(Collected data)
· · ·
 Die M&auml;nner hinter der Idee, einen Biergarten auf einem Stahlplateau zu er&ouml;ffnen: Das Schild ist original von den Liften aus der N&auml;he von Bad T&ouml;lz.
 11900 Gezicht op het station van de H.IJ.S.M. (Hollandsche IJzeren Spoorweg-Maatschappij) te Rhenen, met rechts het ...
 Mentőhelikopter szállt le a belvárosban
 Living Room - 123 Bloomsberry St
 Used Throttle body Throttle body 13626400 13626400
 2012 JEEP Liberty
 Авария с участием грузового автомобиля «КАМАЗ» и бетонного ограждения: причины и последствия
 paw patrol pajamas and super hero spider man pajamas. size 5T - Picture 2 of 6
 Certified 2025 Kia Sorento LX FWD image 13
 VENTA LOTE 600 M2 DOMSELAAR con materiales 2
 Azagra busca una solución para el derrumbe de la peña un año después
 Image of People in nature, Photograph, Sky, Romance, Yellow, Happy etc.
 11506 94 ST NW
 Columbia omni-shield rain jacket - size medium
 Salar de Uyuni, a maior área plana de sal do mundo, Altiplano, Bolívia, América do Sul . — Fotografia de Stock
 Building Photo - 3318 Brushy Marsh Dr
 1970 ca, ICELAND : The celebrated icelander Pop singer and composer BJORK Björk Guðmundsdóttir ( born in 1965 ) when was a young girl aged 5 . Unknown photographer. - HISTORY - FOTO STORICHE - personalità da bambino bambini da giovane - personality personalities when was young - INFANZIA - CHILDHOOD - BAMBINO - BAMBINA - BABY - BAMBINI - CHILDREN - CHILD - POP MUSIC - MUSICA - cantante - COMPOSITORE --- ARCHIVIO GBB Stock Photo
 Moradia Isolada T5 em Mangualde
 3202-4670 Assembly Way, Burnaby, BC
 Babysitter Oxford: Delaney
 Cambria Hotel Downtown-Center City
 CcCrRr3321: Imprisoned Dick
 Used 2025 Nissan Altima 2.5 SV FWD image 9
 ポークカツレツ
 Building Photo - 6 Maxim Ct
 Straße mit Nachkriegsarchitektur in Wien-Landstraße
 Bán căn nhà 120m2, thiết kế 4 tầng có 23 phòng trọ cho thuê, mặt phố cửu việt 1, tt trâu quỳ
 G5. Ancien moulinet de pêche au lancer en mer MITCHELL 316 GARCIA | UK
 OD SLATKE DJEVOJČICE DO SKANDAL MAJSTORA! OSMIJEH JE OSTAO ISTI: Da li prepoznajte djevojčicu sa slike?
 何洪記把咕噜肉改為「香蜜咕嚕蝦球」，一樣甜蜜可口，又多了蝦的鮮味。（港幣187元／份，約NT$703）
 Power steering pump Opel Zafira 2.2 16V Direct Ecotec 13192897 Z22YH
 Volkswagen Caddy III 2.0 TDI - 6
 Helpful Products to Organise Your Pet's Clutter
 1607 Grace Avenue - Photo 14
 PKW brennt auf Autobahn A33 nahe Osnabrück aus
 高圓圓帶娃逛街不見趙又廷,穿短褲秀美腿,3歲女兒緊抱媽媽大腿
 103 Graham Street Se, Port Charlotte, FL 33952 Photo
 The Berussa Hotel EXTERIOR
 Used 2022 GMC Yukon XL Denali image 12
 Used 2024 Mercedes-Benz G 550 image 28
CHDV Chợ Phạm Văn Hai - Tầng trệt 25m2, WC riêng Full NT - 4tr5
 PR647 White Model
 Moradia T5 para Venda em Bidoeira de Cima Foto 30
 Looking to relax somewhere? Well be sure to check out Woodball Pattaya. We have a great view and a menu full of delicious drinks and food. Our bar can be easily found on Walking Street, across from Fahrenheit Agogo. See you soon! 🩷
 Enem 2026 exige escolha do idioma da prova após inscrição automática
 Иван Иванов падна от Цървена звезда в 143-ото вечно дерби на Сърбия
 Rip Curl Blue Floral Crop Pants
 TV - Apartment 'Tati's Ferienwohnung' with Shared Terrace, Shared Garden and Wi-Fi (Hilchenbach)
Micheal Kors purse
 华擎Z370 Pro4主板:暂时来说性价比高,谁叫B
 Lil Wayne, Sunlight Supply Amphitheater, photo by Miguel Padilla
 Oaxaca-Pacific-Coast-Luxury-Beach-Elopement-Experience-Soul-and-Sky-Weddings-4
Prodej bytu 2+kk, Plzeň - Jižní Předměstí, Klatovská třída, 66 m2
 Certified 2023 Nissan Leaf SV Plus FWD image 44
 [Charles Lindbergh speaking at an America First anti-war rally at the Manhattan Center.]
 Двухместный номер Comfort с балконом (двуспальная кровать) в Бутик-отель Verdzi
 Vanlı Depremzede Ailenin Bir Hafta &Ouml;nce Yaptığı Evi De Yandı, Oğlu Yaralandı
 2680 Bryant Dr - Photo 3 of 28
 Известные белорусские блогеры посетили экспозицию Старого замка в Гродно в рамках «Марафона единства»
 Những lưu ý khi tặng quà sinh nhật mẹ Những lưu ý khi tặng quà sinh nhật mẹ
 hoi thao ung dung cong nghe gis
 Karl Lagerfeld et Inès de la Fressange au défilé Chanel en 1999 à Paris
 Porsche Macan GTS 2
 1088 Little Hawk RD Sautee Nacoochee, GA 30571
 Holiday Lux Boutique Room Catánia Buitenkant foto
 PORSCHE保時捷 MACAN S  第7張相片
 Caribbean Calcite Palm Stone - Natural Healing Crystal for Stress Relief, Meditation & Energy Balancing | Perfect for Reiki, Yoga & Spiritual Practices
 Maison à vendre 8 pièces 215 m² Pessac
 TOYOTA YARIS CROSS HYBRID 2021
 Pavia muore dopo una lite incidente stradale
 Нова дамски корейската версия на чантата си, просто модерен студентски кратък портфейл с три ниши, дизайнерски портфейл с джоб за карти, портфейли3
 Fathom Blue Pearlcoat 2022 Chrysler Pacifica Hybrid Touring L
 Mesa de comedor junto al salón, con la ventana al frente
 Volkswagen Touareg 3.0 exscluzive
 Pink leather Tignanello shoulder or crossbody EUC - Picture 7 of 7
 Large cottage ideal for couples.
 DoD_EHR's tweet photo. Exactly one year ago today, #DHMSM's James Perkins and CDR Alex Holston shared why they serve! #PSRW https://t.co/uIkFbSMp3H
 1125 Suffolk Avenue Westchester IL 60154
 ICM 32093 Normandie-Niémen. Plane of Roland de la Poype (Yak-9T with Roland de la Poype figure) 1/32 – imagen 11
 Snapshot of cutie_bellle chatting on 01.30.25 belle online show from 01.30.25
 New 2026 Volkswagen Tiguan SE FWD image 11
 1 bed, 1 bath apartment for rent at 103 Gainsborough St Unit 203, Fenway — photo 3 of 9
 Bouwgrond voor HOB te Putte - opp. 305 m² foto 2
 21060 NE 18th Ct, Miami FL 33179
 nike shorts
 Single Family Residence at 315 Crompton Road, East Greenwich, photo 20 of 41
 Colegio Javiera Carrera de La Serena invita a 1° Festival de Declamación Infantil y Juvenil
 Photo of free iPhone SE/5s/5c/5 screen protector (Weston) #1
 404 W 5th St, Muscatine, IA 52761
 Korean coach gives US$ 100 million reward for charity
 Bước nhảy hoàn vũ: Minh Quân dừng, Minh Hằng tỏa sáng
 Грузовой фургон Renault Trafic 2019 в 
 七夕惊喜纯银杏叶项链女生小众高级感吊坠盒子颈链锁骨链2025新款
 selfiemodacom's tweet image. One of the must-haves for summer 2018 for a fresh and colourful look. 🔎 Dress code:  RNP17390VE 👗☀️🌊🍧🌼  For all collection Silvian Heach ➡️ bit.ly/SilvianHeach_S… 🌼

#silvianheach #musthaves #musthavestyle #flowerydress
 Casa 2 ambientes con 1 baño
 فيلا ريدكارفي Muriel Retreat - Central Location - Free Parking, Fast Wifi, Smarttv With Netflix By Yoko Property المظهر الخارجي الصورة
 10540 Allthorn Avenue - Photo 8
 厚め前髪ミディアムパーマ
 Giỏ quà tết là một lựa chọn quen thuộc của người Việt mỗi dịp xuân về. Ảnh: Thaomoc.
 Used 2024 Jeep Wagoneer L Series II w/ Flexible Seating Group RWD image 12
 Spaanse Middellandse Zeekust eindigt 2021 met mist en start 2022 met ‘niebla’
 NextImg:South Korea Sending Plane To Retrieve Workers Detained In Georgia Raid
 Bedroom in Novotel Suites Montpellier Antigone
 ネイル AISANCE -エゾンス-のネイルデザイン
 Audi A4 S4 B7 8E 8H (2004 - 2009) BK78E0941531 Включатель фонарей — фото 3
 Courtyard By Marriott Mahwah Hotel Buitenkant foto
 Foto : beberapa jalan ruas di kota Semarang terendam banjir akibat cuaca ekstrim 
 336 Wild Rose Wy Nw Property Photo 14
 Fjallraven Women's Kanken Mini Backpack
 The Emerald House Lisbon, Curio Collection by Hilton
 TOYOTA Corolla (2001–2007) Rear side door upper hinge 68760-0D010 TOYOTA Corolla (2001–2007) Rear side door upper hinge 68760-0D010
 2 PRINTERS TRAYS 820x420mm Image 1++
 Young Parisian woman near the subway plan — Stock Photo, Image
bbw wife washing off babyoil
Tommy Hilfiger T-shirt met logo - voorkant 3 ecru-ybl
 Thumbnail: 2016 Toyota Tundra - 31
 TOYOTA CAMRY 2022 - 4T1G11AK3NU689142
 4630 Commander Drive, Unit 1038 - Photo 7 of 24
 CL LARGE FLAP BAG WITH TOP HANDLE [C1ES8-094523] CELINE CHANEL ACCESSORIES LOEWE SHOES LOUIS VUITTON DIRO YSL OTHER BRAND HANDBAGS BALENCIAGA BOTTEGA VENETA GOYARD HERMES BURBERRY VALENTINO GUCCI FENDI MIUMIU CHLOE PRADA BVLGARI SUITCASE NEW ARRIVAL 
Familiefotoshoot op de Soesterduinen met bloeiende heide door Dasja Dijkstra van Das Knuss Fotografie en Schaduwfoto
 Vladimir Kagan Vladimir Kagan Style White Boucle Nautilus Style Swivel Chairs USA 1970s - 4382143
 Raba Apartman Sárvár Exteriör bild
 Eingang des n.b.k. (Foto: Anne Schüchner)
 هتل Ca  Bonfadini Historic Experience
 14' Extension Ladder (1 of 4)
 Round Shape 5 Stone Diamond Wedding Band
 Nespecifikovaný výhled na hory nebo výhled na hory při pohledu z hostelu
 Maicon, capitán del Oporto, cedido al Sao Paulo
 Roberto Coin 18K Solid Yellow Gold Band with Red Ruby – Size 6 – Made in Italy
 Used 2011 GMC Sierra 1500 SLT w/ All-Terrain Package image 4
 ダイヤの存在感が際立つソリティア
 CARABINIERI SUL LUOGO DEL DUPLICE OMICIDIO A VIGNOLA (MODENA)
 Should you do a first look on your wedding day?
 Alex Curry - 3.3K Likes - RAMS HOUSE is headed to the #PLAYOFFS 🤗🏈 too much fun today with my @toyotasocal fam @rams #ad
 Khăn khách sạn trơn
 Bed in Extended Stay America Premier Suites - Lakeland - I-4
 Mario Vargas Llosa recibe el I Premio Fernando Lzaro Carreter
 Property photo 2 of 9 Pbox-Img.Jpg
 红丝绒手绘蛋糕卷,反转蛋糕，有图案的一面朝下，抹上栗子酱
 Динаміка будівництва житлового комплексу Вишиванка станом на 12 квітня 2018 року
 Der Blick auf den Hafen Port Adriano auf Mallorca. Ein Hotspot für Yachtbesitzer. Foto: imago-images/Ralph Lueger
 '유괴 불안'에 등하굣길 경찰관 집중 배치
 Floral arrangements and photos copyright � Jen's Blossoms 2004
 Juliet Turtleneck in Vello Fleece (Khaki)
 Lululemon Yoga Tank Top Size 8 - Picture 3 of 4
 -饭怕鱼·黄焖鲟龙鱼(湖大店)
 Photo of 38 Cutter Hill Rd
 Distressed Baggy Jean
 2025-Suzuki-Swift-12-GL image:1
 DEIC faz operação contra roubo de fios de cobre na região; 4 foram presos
· · ·
[ASSIGNMENT]
Using the data above, reproduce exactly the lines between those holding "Иван Иванов падна" and "Известные белорусские блогеры", inclusive, and no others.

[WRITTEN RESPONSE]
 Иван Иванов падна от Цървена звезда в 143-ото вечно дерби на Сърбия
 Rip Curl Blue Floral Crop Pants
 TV - Apartment 'Tati's Ferienwohnung' with Shared Terrace, Shared Garden and Wi-Fi (Hilchenbach)
Micheal Kors purse
 华擎Z370 Pro4主板:暂时来说性价比高,谁叫B
 Lil Wayne, Sunlight Supply Amphitheater, photo by Miguel Padilla
 Oaxaca-Pacific-Coast-Luxury-Beach-Elopement-Experience-Soul-and-Sky-Weddings-4
Prodej bytu 2+kk, Plzeň - Jižní Předměstí, Klatovská třída, 66 m2
 Certified 2023 Nissan Leaf SV Plus FWD image 44
 [Charles Lindbergh speaking at an America First anti-war rally at the Manhattan Center.]
 Двухместный номер Comfort с балконом (двуспальная кровать) в Бутик-отель Verdzi
 Vanlı Depremzede Ailenin Bir Hafta &Ouml;nce Yaptığı Evi De Yandı, Oğlu Yaralandı
 2680 Bryant Dr - Photo 3 of 28
 Известные белорусские блогеры посетили экспозицию Старого замка в Гродно в рамках «Марафона единства»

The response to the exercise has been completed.